▶ [TASK BRIEF]: The answer is to be the lines below that lie between the line holding "FAS Printed Sports/Regular Cap Cap" and the line holding "Stephen resmi ditunjuk", inclusive, transcribed exactly and free of pictures.

▶ [EXTRACTED ENTRIES]:
※ ※ ※
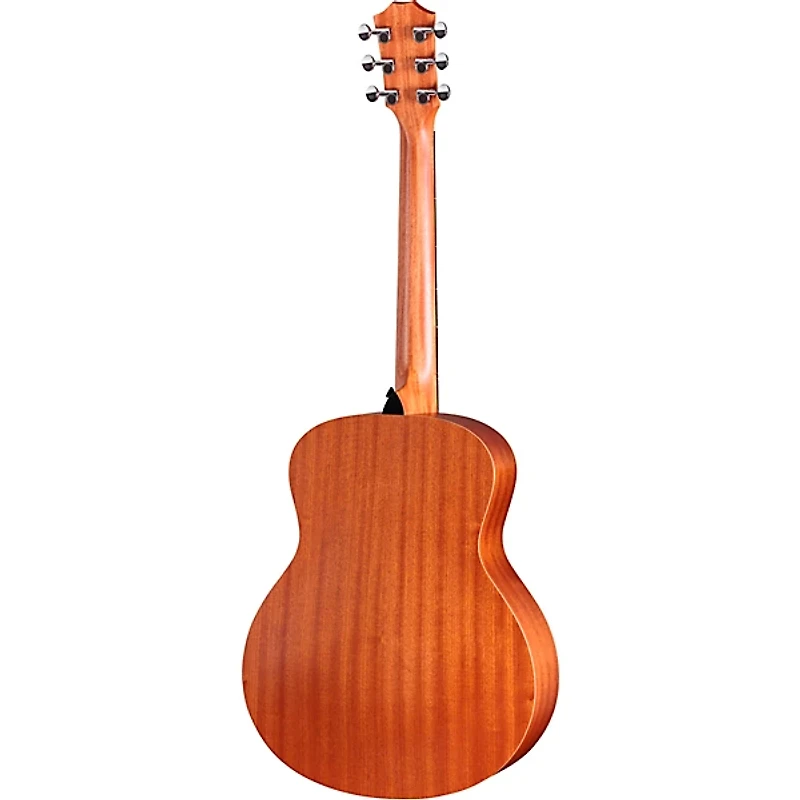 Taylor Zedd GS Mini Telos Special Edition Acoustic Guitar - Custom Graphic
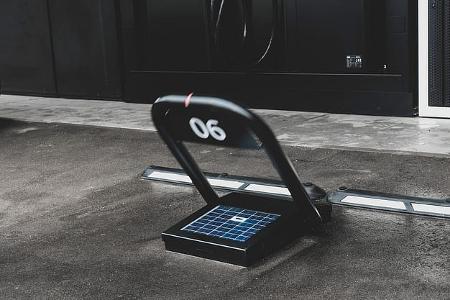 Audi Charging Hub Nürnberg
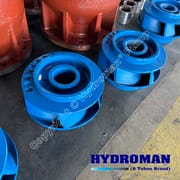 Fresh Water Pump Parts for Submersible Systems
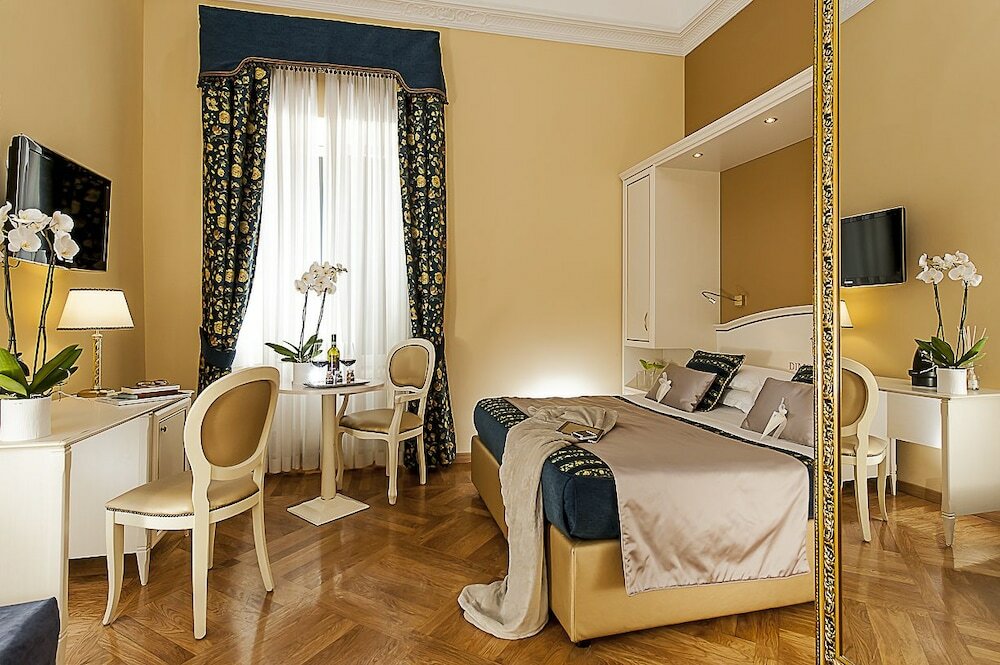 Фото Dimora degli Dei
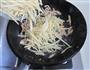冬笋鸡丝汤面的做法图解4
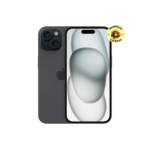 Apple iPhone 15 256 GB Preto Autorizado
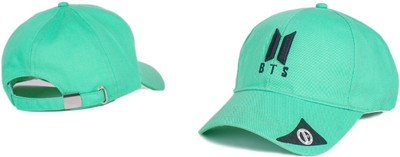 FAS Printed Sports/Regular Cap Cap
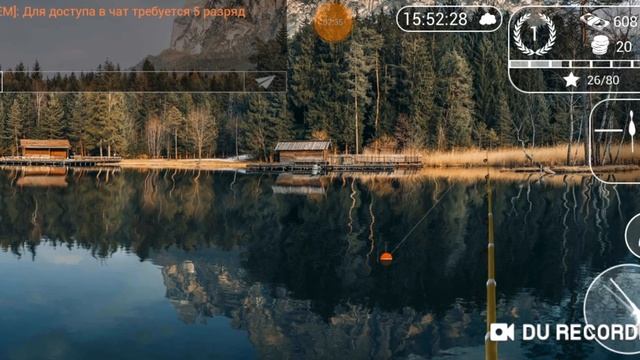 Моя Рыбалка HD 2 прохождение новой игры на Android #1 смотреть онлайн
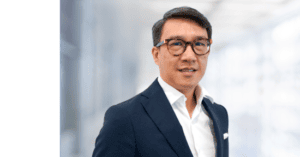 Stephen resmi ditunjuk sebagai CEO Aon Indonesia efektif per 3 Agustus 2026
※ ※ ※
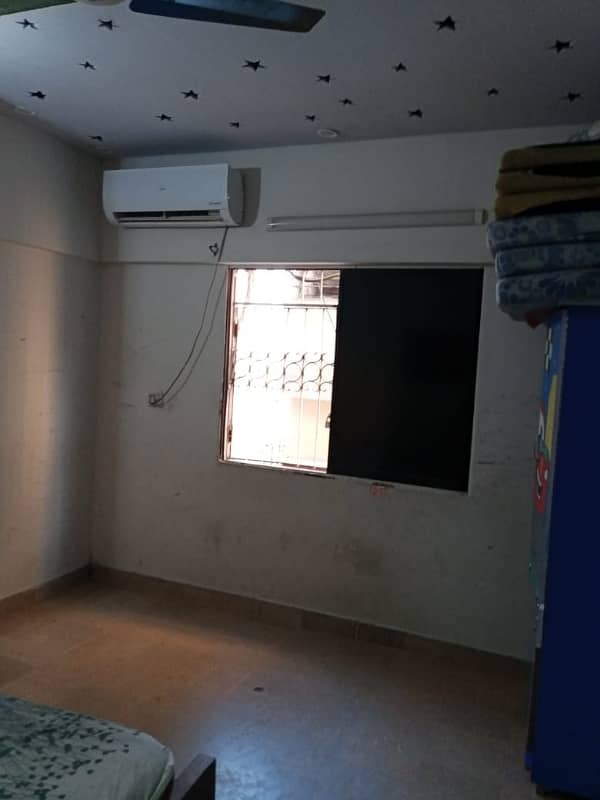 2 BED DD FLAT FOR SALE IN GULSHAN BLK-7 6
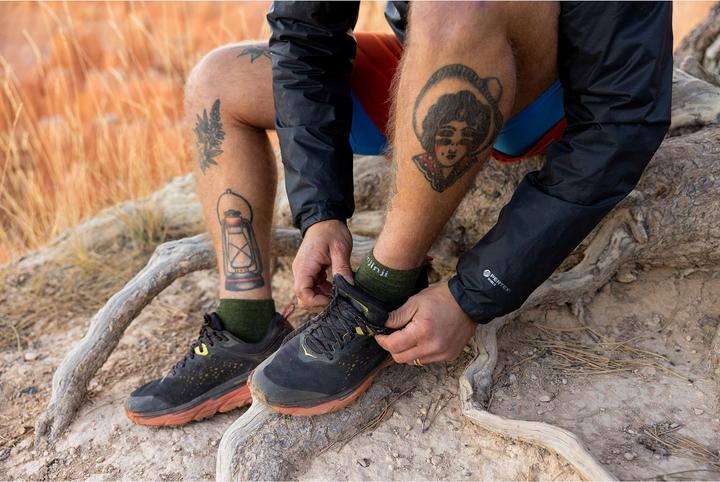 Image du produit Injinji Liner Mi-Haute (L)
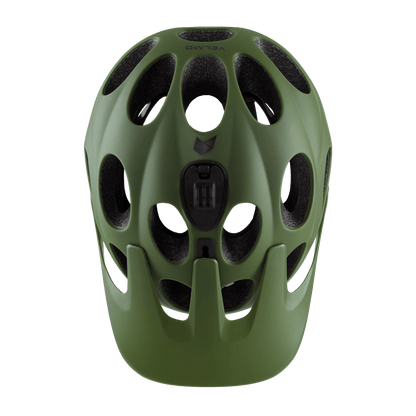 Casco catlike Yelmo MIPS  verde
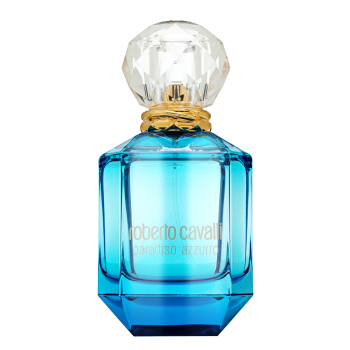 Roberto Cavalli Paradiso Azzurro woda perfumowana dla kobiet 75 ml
※ ※ ※
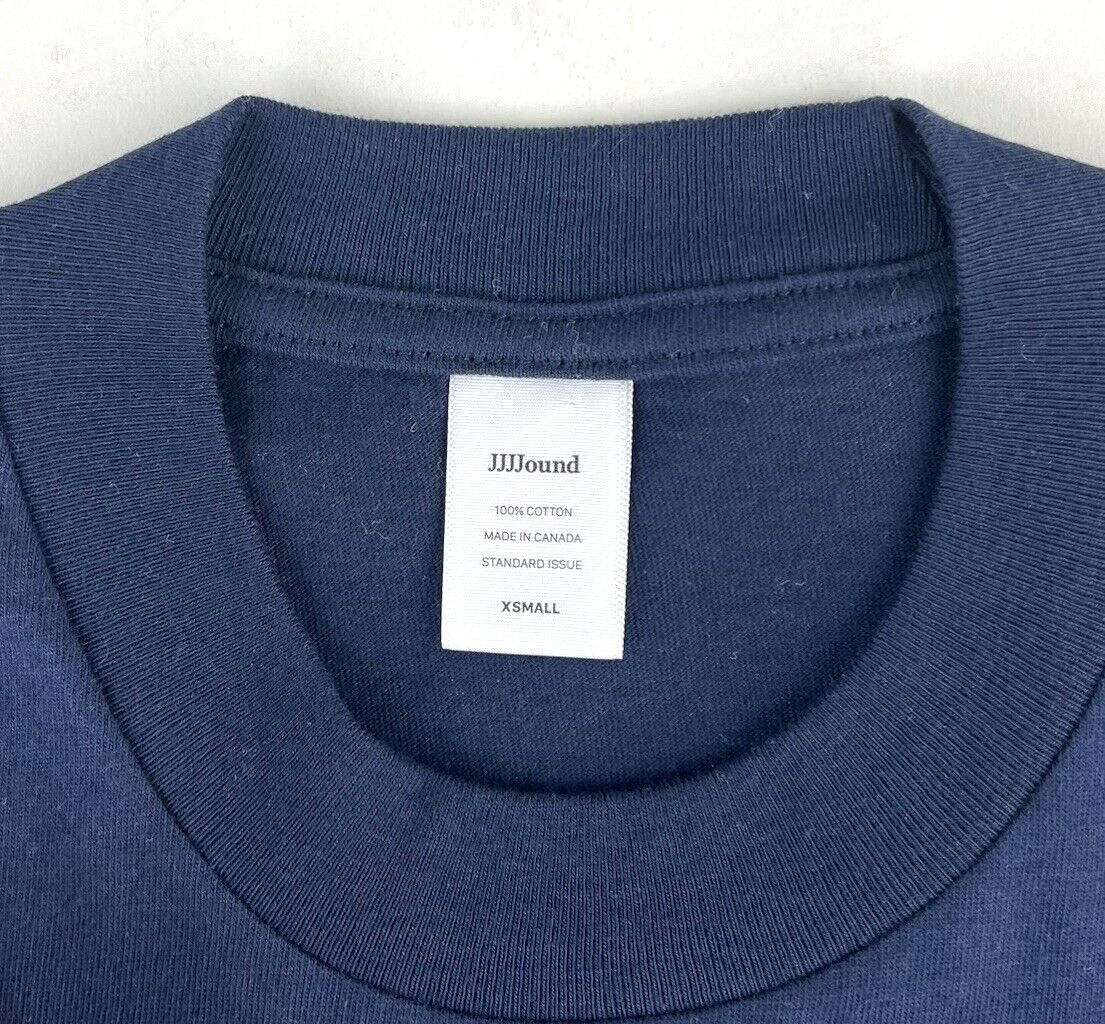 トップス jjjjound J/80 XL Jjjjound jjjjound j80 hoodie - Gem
※ ※ ※
▶ [RESULT]:
 FAS Printed Sports/Regular Cap Cap
 Моя Рыбалка HD 2 прохождение новой игры на Android #1 смотреть онлайн
 Stephen resmi ditunjuk sebagai CEO Aon Indonesia efektif per 3 Agustus 2026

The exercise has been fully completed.